Il movimento e la fugacità di un’azione fissati per sempre: Vladimir Veličković.
Tra la Serbia e la Francia
Nato nel 1936 a Belgrado (all’epoca città jugoslava), Vladimir Veličkovic si laurea in Architettura della locale università. Si sposta quindi a Zagabria dove, tra il 1962 e il ’63, lavora nell’atelier del pittore croato Krsto Hegedusic.
Proprio nel 1963 esordisce con una mostra personale alla Biennale di San Paolo del Brasile. Nel 1965 riceve il Premio della Biennale di Parigi e l’anno successivo si trasferisce nella capitale francese, dove tiene una personale al Museo d’Arte Moderna della Città (1970).

Nel 1972 rappresenta la Jugoslavia alla Biennale di Venezia. Dal 1983 al 2000 insegna all’Ecole nationale supérieure des Beaux-Arts di Parigi, ma non recide mai il suo legame con la madrepatria: nel 1985 viene nominato membro della Serbian Academy of Sciences and Arts (SANU), una tra le più importanti istituzioni accademiche del paese, che annovera tra i suoi associati premi nobel e studiosi di origine serba che si siano distinti nelle scienze o nelle arti.
Nel 2005 Veličković entra a far parte dell’Academie des Beaux-Arts di Parigi, diventando uno dei 12 membri della sezione Pittura. Riceve una delle più alte onoreficenze francesi, quella di Chevalier de la Legion d’Honneur e Commandeur des Arts et Lettres.
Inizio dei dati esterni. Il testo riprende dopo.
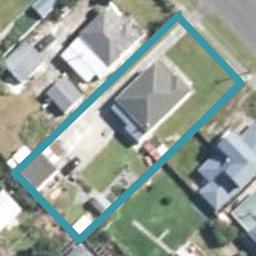 120 Ward Street, Cobden, Greymouth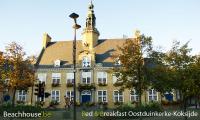 oud gemeentheuis oostduinkerke
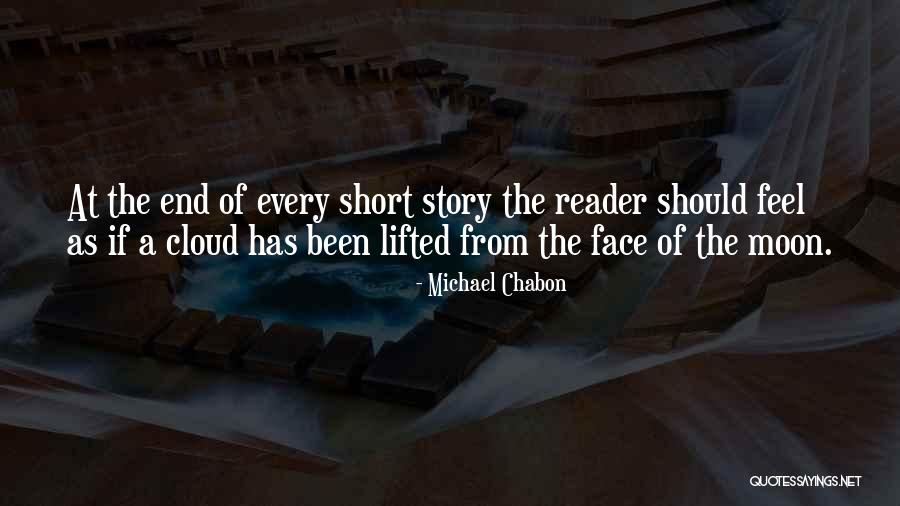 Michael Chabon Quotes 593908 Michael Chabon Quotes 593908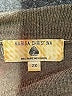 Marisa Christina 100% Wool Brown Wool Pullover Sweater Size 2X - photo 4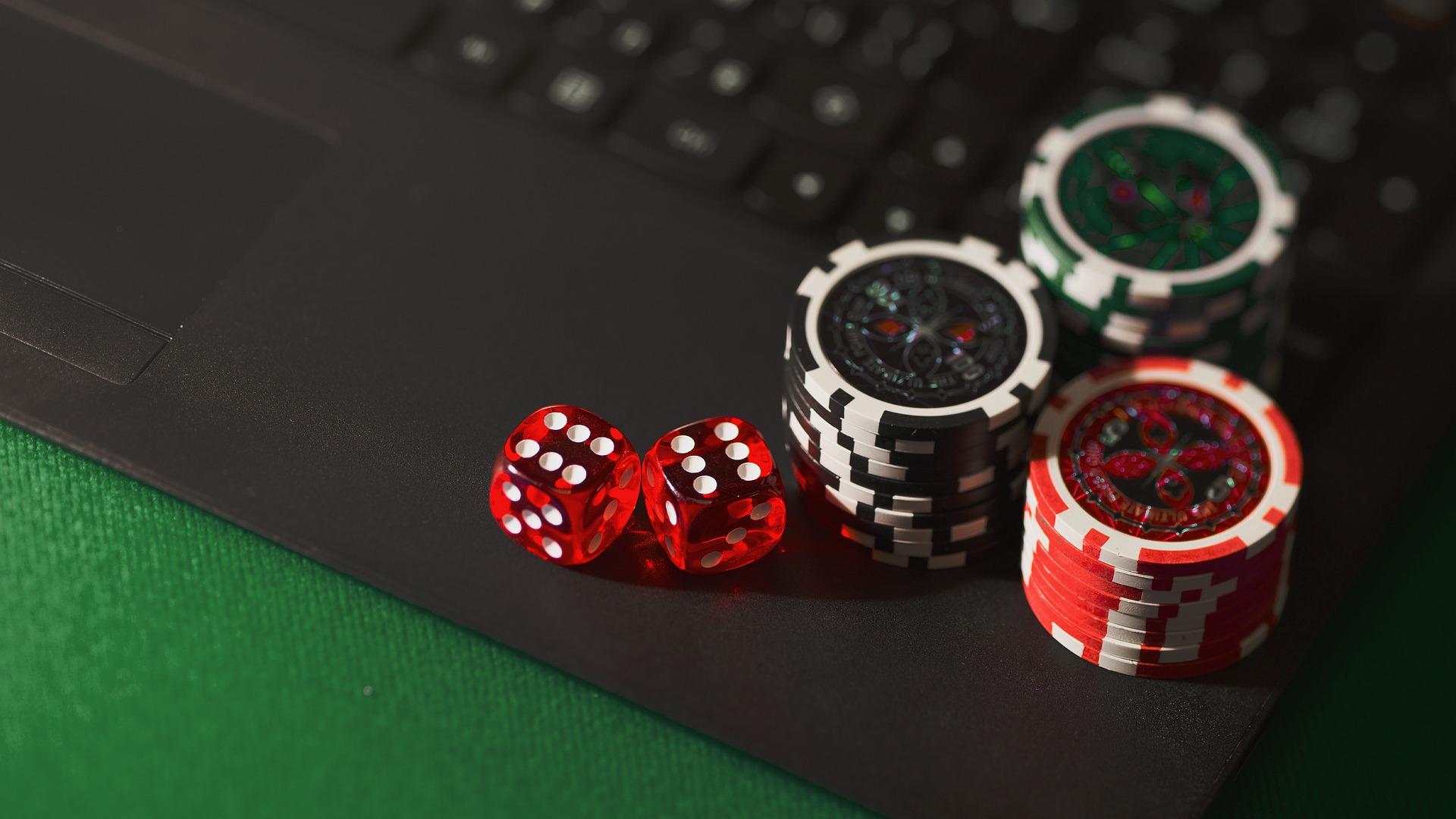 Most effective way to stay safe while gambling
Nel 2017, insieme ad altri artisti e intellettuali croati, serbi, bosniaci e montenegrini, firma la Declaration on the Common Language che ha lo scopo di contrastare i nazionalismi e la manipolazione politica del linguaggio nei paesi della ex-Jugoslavia.
Vladimir Vélickovic muore a Spalato nel 2019.
La poetica di Vladimir Veličkovic
Sin dai suoi esordi, Veličković dirige la sua ricerca artistica verso soggetti in movimento mentre si confrontano con situazioni drammatiche e spaventose.
Tra i suoi soggetti, oltre ad esseri umani, ricorrono spesso topi e cani, bloccati nel momento culminante dell’azione da coordinate, cifre, diagrammi di colore o misure di tempo e di spazio.
Le atrocità commesse dai nazisti nel suo paese, a cui ha assistito da bambino, si sublimano in singoli fotogrammi pittorici, in un attimo di brutalità e minaccia reso eterno.

La sua poetica evolve ulteriormente all’inizio degli anni Novanta, al principio della guerra che devasterà la penisola balcanica. Nelle sue opere compaiono insistentemente paesaggi desolati, popolati solo da corvi, fuochi, corpi straziati dagli orrori della guerra e continue allusioni simboliche alla crocifissione.
Nel corso della sua lunga vita Veličković espone in musei e gallerie internazionali e le sue opere figurano in numerose collezioni pubbliche e private, come la Tate Gallery di Londra,, lo Stedelijk Museum di Amsterdam, il Centre Pompidou di Parigi, il MOMA di New York, la Fondazione Maeght di Saint-Paul-de-Vence.
Per Bolaffi ha realizzato il Fante della serie delle Carte da Gioco e Animals in motion. Dog n. 9.